As for the methods for comparing the model’s outputs, the embedding ranking pipeline has shown the best performance compared to previous methods. As shown in Figure 9, we used MSELoss (minimizes squared L2 norm between embeddings of a prediction and correct answer) is represented by the solid line, ContrastiveLoss (minimizes squared L2 norm between embeddings of a prediction and correct answer, maximizes squared L2 norm between embeddings of a prediction and wrong answer) by the dashed line, and TripletMarginLoss (minimizes squared L2 norm between embeddings of a prediction and correct answer, maximizes squared L2 norm between embeddings of a prediction and wrong answer, plus adds a regularizing margin parameter). The highest accuracy is achieved by using TripletMarginLoss during training, with the hidden layers’ dimension of 512. The pipeline has shown itself to be suitable for practical tasks: it requires a low amount of labeled data (100–200 text messages) to learn a new entity category. However, it is computationally intensive.
To optimize the amount of computing power used for each prediction, as well as to improve the embedding quality, we tried to use different feature extractors for our embedding ranking pipeline.
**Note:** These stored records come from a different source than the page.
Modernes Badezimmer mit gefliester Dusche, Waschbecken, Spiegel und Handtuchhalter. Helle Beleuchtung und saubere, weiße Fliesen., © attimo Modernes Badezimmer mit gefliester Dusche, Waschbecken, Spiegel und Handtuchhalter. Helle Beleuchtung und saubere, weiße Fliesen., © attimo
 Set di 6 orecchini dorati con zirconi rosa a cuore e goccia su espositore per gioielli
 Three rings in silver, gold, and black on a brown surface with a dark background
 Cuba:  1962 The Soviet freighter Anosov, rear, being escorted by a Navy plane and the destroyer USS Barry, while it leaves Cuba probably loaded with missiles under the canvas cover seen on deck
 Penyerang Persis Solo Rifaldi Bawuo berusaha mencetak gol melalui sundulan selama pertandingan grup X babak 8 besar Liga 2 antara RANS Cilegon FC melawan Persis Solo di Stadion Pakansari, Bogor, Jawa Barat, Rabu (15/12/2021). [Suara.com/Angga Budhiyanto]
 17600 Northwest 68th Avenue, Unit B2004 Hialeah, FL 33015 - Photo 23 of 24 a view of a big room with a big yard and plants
We considered the following models: GPT-2, GPT-2 trained on data from NASA’s Astrophysical Data System (GPT-2 Exo-Machina), Exo-Machina that was fine-tuned on our dataset, GPT-NEO 125M, and InstructGPT. The fine-tuned GPT-2 Exo-Machina, as shown in Table 3, has the best combination of computing cost and accuracy. It was fine-tuned on the dataset of 202 text messages with three prompts per message (606 message-prompt pairs).
We also investigated the impact of fine-tuning LLMs, specifically InstructGPT, on a small dataset. The testing datasets consisted of 31 text messages (15% of human marked-up dataset). Table 4 shows that the models fine-tuned only on one type of named entities have shown the best performance in two types of entities. However, the result is worse compared to zero-shot learning. As for the model fine-tuned to output three entities at once, the generated outputs have shown that the model failed to capture the difference between event type and astronomical objects from the training dataset alone. The model trained on the instructions showed a slight difference in accuracy from the best result and can be instead used for computational efficiency. A comparative study of different prompts is also presented in Appendix A.

4. Outlook

Large language models have proven to be extremely useful for the task of analyzing astronomical reports that are written in natural language. Through this research, we have already achieved a >95% accuracy rate in the extraction of astronomical object names and event types from our labeled dataset of astronomical reports. We are continuing to work on extracting other entities from the text, such as physical quantities and descriptions of observations, in order to extract and structure the information contained in these reports fully. At the same time, we are also planning to prepare more labeled data to further increase the quality of our LLMs. All the predictions obtained with our best-performing method—embedding ranking pipeline—are publicly available via search API [6] and GitHub repository [30]. Using this API, our functionality can be integrated with multi-messenger brokers and platforms, e.g., with Astro-COLIBRI [31,32], to provide complementary information for human-written messages. In the coming months, we are also planning to release the first version of the web application for searching and cross-referencing ATels and GCN circulars using the data extracted with our LLMs. We are welcoming comments, feedback, and requests from the community, as well as third-party contributions of any kind.

Author Contributions

Conceptualization, V.S.; methodology, V.S. and A.C.; software, A.C.; validation, V.S. and A.C.; formal analysis, V.S.; investigation, A.C.; resources, V.S.; data curation, A.C.; writing—original draft preparation, V.S. and A.C.; writing—review and editing, V.S.; visualization, A.C.; supervision, V.S.; project administration, V.S. All authors have read and agreed to the published version of the manuscript.

Funding

This research received no funding.

Data Availability Statement

This research is based on the publicly available data from The Astronomer’s Telegram (https://astronomerstelegram.org/ (accessed on 28 February 2023)) and NASA GCN circulars (https://gcn.nasa.gov/circulars (accessed on 28 February 2023)). We are gradually releasing the source code and prediction results in our publicly available GitHub repository: https://github.com/JetBrains/lm-astronomy (accessed on 28 February 2023).

Acknowledgments

We thank S. Golovachev and A. Ivanov for their help with setting up the R&D infrastructure. We express our sincere gratitude to D. Kostunin for providing insightful commentaries. We thank OpenAI for providing the early access to their embedding API.

Conflicts of Interest

The authors declare no conflict of interest. The funders had no role in the design of the study; in the collection, analyses, or interpretation of data; in the writing of the manuscript; or in the decision to publish the results.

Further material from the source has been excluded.